Can you really prevent an accident? Of course you can! Throughout our lives we’re always reminded to expect the unexpected, this can also be applied to accidents, since we wouldn’t expect to trip over or make a simple mistake that causes a problem. So, by monitoring the risk that something may happen, could such accidents be easily prevented? Yes!
One of the most important procedures in health and safety is the risk assessment. To carry out a risk assessment, each and every aspect of the work processes must be thoroughly examined. The process should cover equipment used, following through to the impact on other people. By doing so it allows a clear picture to be painted, showing where any significant risks are, and what the control measures are that can be suitably selected and implemented. On top of this, risk assessments are also a legal requirement, and so should be used as a starting point to a safer working environment.
The vast amount of people will know that if an accident occurs, they should log it in a designated accident report book. This is not the case for all accidents however, as if an employee cuts himself or herself on something or gets a small bruise, it may seem too minor to warrant being logged. By having each employee log even the smallest of incidents, it will become apparent how effective the systems in place are. It is much more beneficial to notice a trend in minor incidents, which can be investigated in order to put some control measures in place before it escalates into more serious incidents.
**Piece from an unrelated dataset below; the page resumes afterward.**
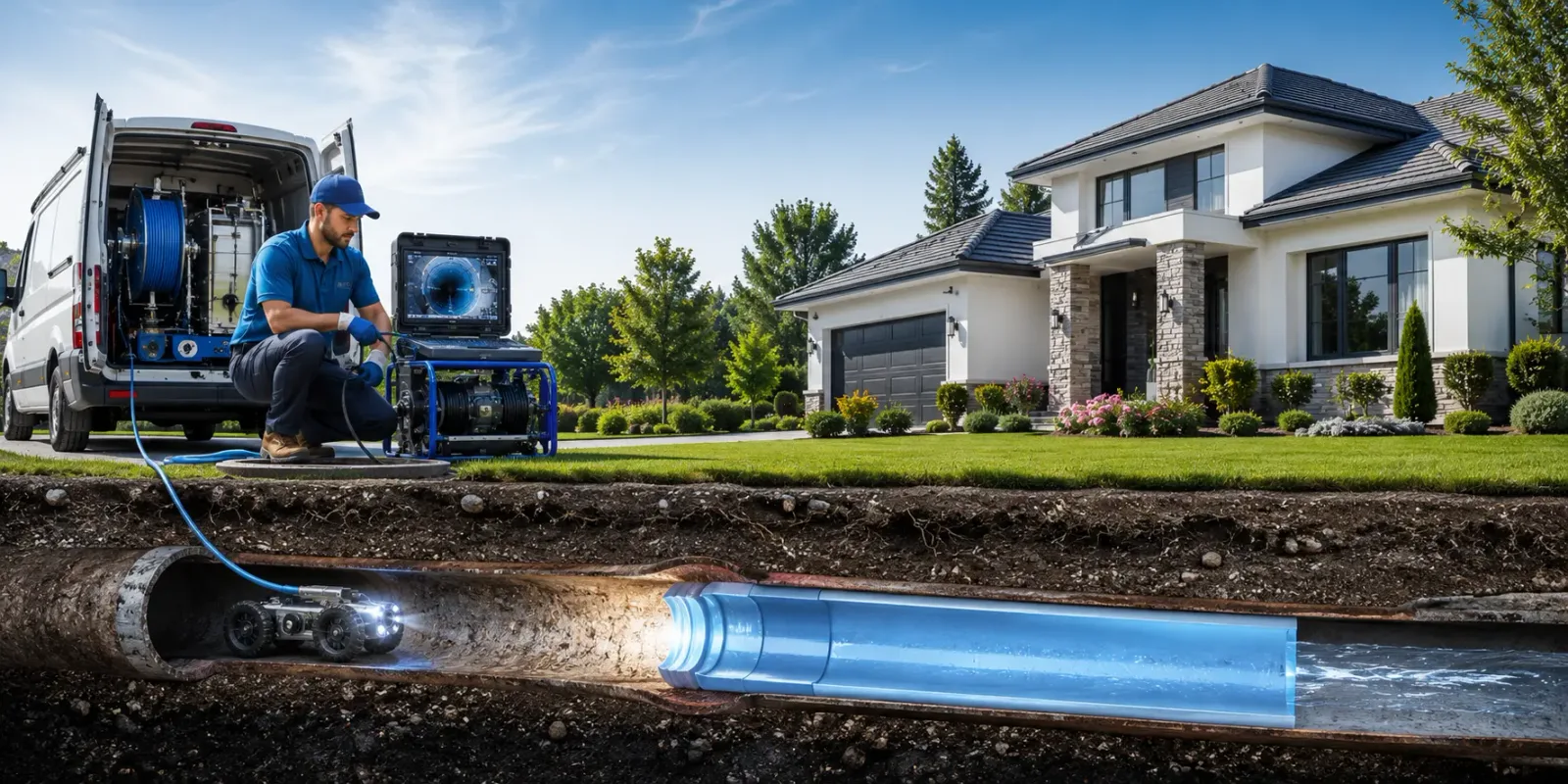 Pipe Relining information for Whiteclay, NE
Human error and environment
The majority of accidents that occur can be ruled as being caused by an unsafe condition or act, which can then be linked back to human error. By monitoring the behaviour of each of the employees, these conditions or acts can be identified.
A simple way of preventing accidents is to look at the environment, taking note of the placement and layout of fittings and access. Assessing whether or not it is easy for the employees to move around the area, and what would happen if there happened to be a change in level and if that had caused a problem in the past. The standard of maintenance should be taken into account, as keeping steps, flooring, doors, handrails and windows well maintained will decrease the chance that an accident will occur.
The weather can bring about a variety of problems that could potentially lead to an accident, such as icy conditions in the winter months. In bad weather, minor accidents tend to be more common, with slips, falls and trips being the most likely. Outside areas such as car parks and footpaths should be kept clear of both leaves and ice, with grit being commonly used to combat icy surfaces.